Facebook’s engineers went to the whiteboard and designed a new scheduling framework named “Corona.” It features a dedicated job tracker for each job, as well as a cluster manager that tracks nodes in clusters and the amount of free resources in play. Because the actual job tracking is left to the job trackers, as opposed to the cluster manager, the latter can deal solely with scheduling decisions; that translates into simpler code (since the job trackers follow one job each) and more efficient cluster utilization.

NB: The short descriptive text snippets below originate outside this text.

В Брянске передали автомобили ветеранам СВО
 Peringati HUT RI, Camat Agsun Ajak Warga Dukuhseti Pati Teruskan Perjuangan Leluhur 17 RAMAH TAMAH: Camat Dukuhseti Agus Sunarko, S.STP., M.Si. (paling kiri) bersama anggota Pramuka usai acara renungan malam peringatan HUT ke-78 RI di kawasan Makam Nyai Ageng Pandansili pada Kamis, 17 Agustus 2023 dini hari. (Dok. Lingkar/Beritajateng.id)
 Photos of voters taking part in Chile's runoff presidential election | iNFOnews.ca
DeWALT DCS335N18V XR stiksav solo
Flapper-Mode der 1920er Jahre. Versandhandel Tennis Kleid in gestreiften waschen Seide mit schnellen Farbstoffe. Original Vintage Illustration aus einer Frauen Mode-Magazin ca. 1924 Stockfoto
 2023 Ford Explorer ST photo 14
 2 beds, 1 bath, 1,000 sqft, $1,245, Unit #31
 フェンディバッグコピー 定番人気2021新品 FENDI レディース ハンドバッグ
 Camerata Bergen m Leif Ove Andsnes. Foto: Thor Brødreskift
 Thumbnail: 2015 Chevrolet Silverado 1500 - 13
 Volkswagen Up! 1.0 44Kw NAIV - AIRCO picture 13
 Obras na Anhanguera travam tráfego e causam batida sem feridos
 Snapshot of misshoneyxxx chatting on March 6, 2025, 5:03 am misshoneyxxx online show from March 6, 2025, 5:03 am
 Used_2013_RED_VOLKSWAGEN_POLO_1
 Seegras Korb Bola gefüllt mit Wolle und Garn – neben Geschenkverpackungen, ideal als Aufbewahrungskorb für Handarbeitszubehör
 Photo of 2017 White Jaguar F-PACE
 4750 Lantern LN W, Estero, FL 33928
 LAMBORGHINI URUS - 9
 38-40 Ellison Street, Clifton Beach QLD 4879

“One major difference from our previous Hadoop MapReduce implementation is that Corona uses push-based, rather than pull-based, scheduling,” the posting continued. “After the cluster manager receives resource requests from the job tracker, it pushes the resource grants back to the job tracker. Also, once the job tracker gets resource grants, it creates tasks and then pushes these tasks to the task trackers for running. There is no periodic heartbeat involved in this scheduling, so the scheduling latency is minimized.”
Facebook’s engineers started by rolling Corona out to 500 nodes, then moving non-critical workloads to the Corona cluster. As the cluster grew to 1,000 nodes, they had to eliminate a bug in the cluster manager scheduler, a fix that proceeded “without much disruption because of the staged deployment.” After that, the team began shifting mission-critical workloads to Corona; by the middle of 2012, Facebook had it deployed “across all our production systems.”
Facebook claims that implementing Corona has translated into better cluster utilization, scheduling fairness, and job latency. Even as it adds new features to the platform, it’s open-sourced the production version. While few companies face data issues on a Facebook scale, some of the lessons learned in building Corona could very well help other organizations.